And the single most powerful institution in the world economy is arguably the dollar, in which a huge amount of global trade and investment is denominated. But this means much of the world is deeply vulnerable to changes in its value, as the last two years of simultaneously rising dollar and US interest rates have shown. The dollar is not even governed by postwar international arrangements: its master is the US Federal Reserve, whose mandate is entirely focused on the US economy.


Lula wants all this changed. This is why he has loudly pursued the development of the BRICS grouping, even going so far as to suggest that it could seek to replace the dollar as a global trading currency. Lula sees the BRICS as a non-Western power bloc to counter the G7, whose cohesion in the decision-making forums of the G20, World Bank and IMF starkly contrasts with differences among the major countries of the global South.

At its recent summit in South Africa, the BRICS group admitted several new members, including the wealthy and increasingly assertive Saudi Arabia and United Arab Emirates, with the aim of extending its reach and influence. But most Western commentators are dismissive. They note that BRICS, unlike the G7, is made up of countries whose economic and political systems are not only fundamentally different from one another but also subject to major tensions and conflicts, especially in the case of superpower rivals China and India. Nevertheless, it is a signal of Lula’s intent that he wants to strengthen an alternative alliance through which to pursue his reform agenda.

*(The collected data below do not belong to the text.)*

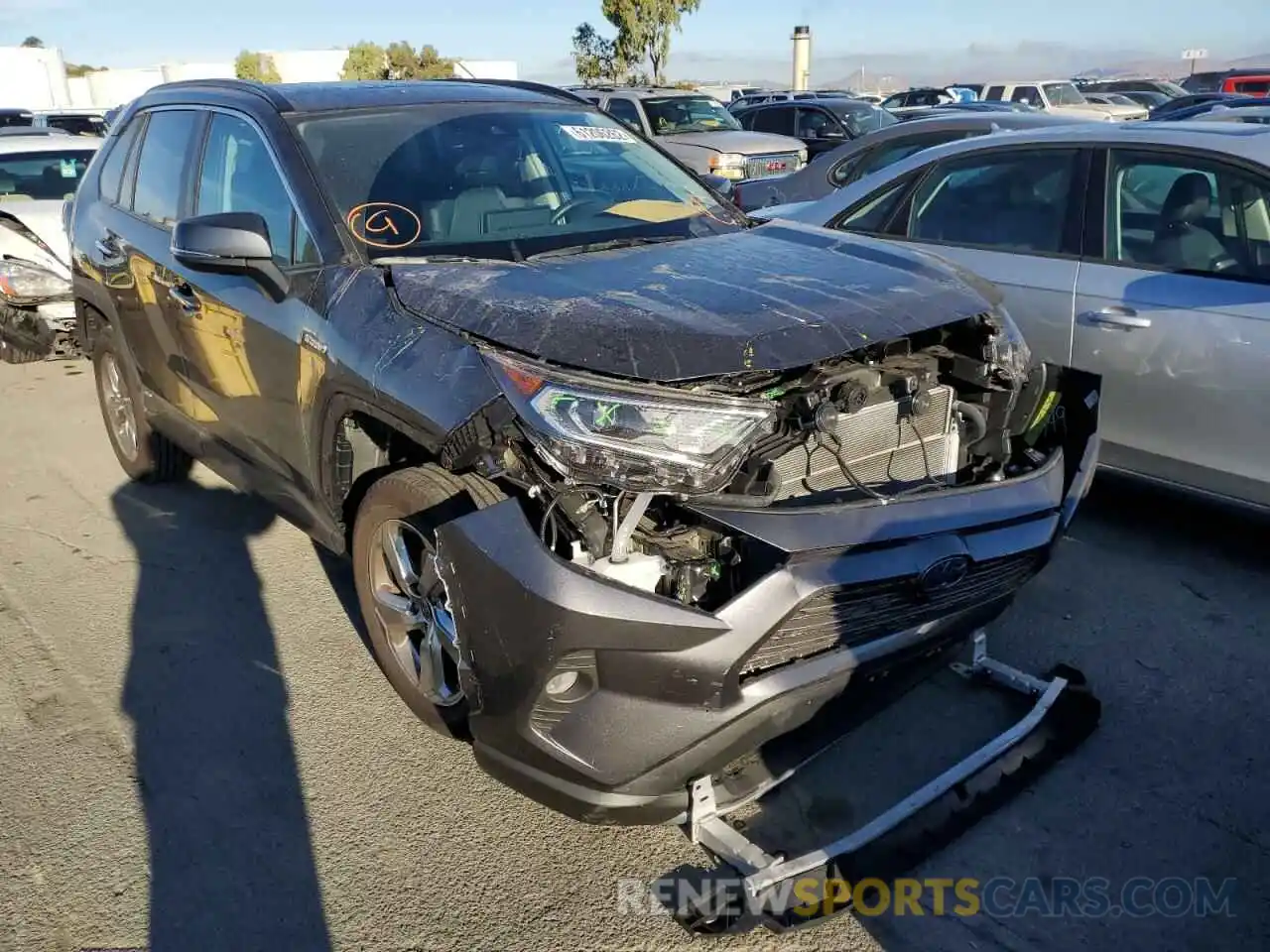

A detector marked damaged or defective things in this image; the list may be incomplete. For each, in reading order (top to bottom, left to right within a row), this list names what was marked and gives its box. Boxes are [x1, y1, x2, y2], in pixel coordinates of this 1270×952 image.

crumpled hood [0, 200, 70, 278]
crumpled hood [391, 219, 995, 381]
damaged gray suv [69, 79, 1102, 827]
damaged front end [432, 310, 1096, 827]
detached bumper reinforcement bar [670, 629, 1096, 934] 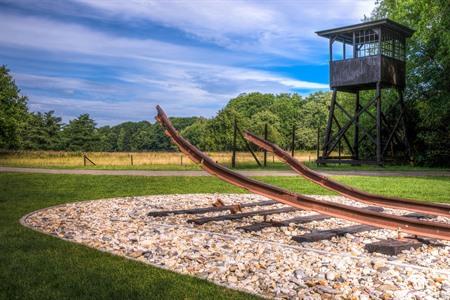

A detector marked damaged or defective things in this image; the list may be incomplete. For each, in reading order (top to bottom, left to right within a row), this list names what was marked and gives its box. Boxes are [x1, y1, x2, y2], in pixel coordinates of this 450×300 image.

bent rail [156, 105, 450, 241]
rusted rail [156, 105, 450, 241]
rusted rail [243, 131, 450, 218]
bent rail [246, 131, 450, 218]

Lula’s public statements on Russia and the war in Ukraine should be seen in this light. Like most countries in the global South, Brazil regards the UN Security Council as the proper arbiter of international conflict. If the Security Council assesses and then condemns one country’s aggression, Brazil will also do so. But it has never done so when the Security Council has not come to a judgement — as in the case of Ukraine, because Russia has exercised its permanent member veto.

Talking to Brazilian foreign policy experts in Brasilia and Rio I detected no illusions about Russia’s responsibility for the war in Ukraine. They note simply that the US invasion of Iraq in 2003, supported by almost all other Western states, was also illegal under UN law. And they observe that the West can apparently find fiscally unconstrained sums of money to defend Ukraine while simultaneously claiming it has no money to expand development aid or climate assistance to the poorest and most vulnerable countries elsewhere in the world. “And what did you do during Covid?” one asked me. “When the world cried out for vaccines, you hoarded even your surplus ones.”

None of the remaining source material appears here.